Haunted by Unfinished Projects? Fight Back

Do you have unfinished projects niggling at your mind, calling on you to finish them, crying out that they have been abandoned unfairly, and inspiring guilt?

If you do, you have a problem. You need to finish those projects or banish them and throw out the guilty feelings.

I generate a lot of unfinished projects. I need to dig into a project before I know if it is worth finishing. Sometimes, three pages of writing is enough for me to see if an idea has enough power to justify development. Sometimes, it takes longer. In either case, I explore many more projects than I finish.

For projects that I explore but chose not to pursue for conscious reasons putting them aside has no downside. I can just set them to rest.

For these projects, I use a variation of The Scanner′s Finnish described by Barbara Sher in her book Refuse to Choose. The Scanner′s Finnish involves gathering up all the parts of the project, wrapping them up, and labelling them with the project, the original goal of the project, the stage at which the project was stopped, and next steps should the project ever be picked up again. My variation is simply to put everything in a box or a binder and put it away. If I know I am abandoning a particular project for good reason, I have no issues about letting it go.

But, there are projects that get dropped and haunt me. What about them?

I know that if they are haunting me, there is something truly unfinished about them and I must find a way to finish them.

I have three projects that are haunting me at the moment:

  • a play I was collaborating on, but the collaboration fell apart
  • a play retelling Jean Racine′s Phaedra from Phaedra′s perspective
  • a horror novel involving a take on vampires that harkens back to early myths

Each of these was begun years ago, each was dropped for reasons that had more to do with my lack of discipline than with anything intrinsic to the project, and each was founded on ideas that still appeal to me. These projects haunt me.

And I am fighting back.

These three projects are all optional now. Working on them is unnecessary creating in the words of Todd Henry of Accidental Creative.

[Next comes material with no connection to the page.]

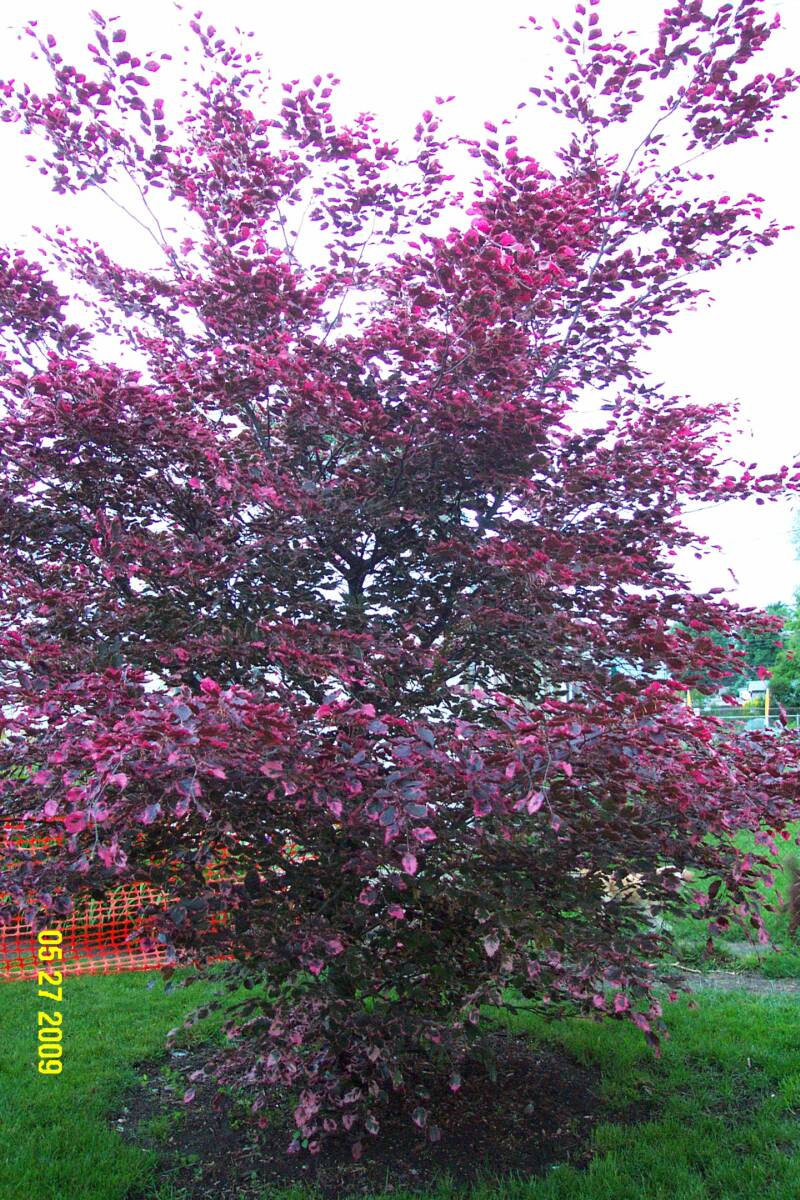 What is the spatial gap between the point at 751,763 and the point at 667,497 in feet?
3.53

I am busy at the moment, so I need some pressure to force myself to make time for unnecessary creating in my day. Spurred on by some friends, I have taken up a new challenge: Script Frenzy. Script Frenzy is the April script writing challenge issued by the folks who bring us NaNoWriMo every September. The Script Frenzy challenge is 100 pages in 30 days. I don′t expect to meet that goal. My personal goal for April is to get a bad first draft of at least one of those unfinished plays written.

Strangely enough, now that I am writing this play again, I am excited to work on it.  The guilt is gone. Finishing this draft should keep this demon at bay.  Then, it will be on to revision to banish it for good.

Do you have unfinished projects haunting you? How do you banish those demons?


About Kate Arms-Roberts


Posted on April 5, 2011, in This Writing Life. Bookmark the permalink. 18 Comments.

  1. Unfinished projects? Me?

    You are an inspiration for hitting the creative ghosts head-on. Thanks! You’ve moved me to drop two old “projects” that have literally been waiting for years.

    Let me go check my list of new projects. Ooops. No more time to respond to blogs, now.

    Playful blessings,
    Stan aka @muz4now

  2. Christine Fonseca

    I needed this today and yes, I have MANY unfinished projects and they do haunt me!

    • Kate Arms-Roberts

      Thanks for letting me know this meant something to you. May you find some ways to banish that haunting.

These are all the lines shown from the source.